**Task objective:**
Two lines mark the range in the entries below: the one holding "Ivy Charming Cap" and the one holding "Polka Dot and Teal Trim Robe - Size 2/4". Set down those two and all lines between them, exactly.

------ Task inputs ------

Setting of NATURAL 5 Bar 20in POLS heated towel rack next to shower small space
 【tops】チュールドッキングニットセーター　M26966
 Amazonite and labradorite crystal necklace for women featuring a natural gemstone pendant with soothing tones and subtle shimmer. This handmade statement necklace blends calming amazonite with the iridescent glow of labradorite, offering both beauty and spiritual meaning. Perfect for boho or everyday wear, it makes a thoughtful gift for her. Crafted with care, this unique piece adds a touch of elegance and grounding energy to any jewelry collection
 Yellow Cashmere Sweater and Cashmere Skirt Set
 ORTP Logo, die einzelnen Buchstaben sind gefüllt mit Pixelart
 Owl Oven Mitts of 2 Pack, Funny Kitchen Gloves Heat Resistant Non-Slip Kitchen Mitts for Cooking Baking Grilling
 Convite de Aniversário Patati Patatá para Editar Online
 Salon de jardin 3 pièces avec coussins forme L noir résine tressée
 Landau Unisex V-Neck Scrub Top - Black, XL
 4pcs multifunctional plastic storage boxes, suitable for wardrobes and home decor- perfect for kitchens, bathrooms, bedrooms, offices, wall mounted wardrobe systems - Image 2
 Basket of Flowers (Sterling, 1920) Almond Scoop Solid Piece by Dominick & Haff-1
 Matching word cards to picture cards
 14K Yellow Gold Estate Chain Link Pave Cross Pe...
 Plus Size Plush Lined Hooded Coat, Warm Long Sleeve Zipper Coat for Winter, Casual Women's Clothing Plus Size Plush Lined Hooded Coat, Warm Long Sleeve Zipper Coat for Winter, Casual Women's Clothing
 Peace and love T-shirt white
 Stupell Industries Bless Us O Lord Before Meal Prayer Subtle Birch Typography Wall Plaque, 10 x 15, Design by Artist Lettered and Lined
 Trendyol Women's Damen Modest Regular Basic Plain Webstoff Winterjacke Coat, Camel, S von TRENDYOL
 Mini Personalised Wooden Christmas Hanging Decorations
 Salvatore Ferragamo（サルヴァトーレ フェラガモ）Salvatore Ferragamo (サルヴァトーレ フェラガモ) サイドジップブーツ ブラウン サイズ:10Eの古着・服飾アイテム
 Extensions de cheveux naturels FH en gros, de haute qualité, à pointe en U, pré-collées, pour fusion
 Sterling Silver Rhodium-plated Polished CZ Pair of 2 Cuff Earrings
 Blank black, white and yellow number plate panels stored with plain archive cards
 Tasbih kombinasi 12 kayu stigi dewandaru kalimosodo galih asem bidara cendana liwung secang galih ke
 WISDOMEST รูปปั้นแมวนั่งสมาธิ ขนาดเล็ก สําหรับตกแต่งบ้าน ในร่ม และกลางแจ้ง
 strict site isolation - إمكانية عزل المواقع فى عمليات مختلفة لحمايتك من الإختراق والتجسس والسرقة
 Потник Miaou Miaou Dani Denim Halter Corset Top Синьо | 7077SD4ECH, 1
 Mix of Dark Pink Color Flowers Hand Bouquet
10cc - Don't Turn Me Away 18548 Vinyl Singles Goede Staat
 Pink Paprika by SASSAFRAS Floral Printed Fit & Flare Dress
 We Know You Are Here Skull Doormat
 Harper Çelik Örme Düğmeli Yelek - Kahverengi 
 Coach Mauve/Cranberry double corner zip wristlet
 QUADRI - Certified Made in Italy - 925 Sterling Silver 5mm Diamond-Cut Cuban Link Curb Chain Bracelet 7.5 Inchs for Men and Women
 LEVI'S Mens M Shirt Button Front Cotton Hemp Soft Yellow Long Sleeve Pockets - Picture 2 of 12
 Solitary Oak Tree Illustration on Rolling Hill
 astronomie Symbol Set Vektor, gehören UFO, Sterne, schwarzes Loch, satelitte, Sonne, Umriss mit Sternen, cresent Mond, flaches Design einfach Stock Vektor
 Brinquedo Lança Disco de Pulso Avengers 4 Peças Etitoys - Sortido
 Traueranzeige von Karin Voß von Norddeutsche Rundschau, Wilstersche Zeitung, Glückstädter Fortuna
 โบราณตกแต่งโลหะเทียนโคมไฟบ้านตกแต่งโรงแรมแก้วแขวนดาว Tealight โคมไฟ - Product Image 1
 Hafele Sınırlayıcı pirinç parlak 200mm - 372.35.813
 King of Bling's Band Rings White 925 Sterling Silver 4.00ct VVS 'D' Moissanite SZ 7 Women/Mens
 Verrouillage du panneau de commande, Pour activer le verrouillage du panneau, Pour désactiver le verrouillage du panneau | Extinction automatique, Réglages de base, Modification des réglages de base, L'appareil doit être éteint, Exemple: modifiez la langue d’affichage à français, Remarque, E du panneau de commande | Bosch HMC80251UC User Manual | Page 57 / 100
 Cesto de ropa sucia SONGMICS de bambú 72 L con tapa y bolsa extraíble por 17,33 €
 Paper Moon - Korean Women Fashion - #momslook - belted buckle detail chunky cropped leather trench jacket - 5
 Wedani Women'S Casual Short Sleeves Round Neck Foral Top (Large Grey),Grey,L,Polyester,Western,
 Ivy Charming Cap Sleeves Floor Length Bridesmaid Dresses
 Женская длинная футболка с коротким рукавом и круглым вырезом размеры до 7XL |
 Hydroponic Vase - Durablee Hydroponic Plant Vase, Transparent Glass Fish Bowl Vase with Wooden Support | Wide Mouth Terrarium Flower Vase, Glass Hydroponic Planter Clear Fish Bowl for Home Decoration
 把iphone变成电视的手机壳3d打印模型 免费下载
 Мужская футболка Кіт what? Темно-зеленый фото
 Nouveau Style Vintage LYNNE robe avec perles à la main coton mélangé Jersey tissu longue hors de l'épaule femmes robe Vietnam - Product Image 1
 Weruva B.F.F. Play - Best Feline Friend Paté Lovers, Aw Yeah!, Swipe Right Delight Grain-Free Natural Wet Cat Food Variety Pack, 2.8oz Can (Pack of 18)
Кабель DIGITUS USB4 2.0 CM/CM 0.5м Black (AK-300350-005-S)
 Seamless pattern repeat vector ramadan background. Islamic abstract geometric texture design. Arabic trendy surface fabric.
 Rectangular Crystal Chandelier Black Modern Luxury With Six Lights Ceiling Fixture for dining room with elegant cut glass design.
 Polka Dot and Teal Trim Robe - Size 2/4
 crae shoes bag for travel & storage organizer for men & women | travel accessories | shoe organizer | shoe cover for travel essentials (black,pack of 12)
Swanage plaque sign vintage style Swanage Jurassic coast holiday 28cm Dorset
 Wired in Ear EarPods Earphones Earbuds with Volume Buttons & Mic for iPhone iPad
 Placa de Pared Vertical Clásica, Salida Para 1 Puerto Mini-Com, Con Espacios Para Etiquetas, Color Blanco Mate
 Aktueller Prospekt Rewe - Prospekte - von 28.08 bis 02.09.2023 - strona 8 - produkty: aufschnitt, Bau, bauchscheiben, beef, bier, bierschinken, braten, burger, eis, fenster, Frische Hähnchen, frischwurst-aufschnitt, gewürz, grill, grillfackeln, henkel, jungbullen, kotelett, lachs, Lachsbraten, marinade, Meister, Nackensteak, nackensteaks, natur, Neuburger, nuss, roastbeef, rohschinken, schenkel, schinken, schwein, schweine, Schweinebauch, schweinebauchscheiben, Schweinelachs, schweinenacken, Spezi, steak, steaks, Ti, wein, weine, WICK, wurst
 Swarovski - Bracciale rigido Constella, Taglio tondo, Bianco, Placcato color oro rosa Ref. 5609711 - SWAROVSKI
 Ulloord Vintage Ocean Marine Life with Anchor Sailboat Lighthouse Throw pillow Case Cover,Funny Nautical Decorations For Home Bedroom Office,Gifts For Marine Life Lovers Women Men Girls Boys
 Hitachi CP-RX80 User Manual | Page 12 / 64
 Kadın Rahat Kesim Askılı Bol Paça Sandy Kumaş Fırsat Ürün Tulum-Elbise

------

**Solved exercise:**
 Ivy Charming Cap Sleeves Floor Length Bridesmaid Dresses
 Женская длинная футболка с коротким рукавом и круглым вырезом размеры до 7XL |
 Hydroponic Vase - Durablee Hydroponic Plant Vase, Transparent Glass Fish Bowl Vase with Wooden Support | Wide Mouth Terrarium Flower Vase, Glass Hydroponic Planter Clear Fish Bowl for Home Decoration
 把iphone变成电视的手机壳3d打印模型 免费下载
 Мужская футболка Кіт what? Темно-зеленый фото
 Nouveau Style Vintage LYNNE robe avec perles à la main coton mélangé Jersey tissu longue hors de l'épaule femmes robe Vietnam - Product Image 1
 Weruva B.F.F. Play - Best Feline Friend Paté Lovers, Aw Yeah!, Swipe Right Delight Grain-Free Natural Wet Cat Food Variety Pack, 2.8oz Can (Pack of 18)
Кабель DIGITUS USB4 2.0 CM/CM 0.5м Black (AK-300350-005-S)
 Seamless pattern repeat vector ramadan background. Islamic abstract geometric texture design. Arabic trendy surface fabric.
 Rectangular Crystal Chandelier Black Modern Luxury With Six Lights Ceiling Fixture for dining room with elegant cut glass design.
 Polka Dot and Teal Trim Robe - Size 2/4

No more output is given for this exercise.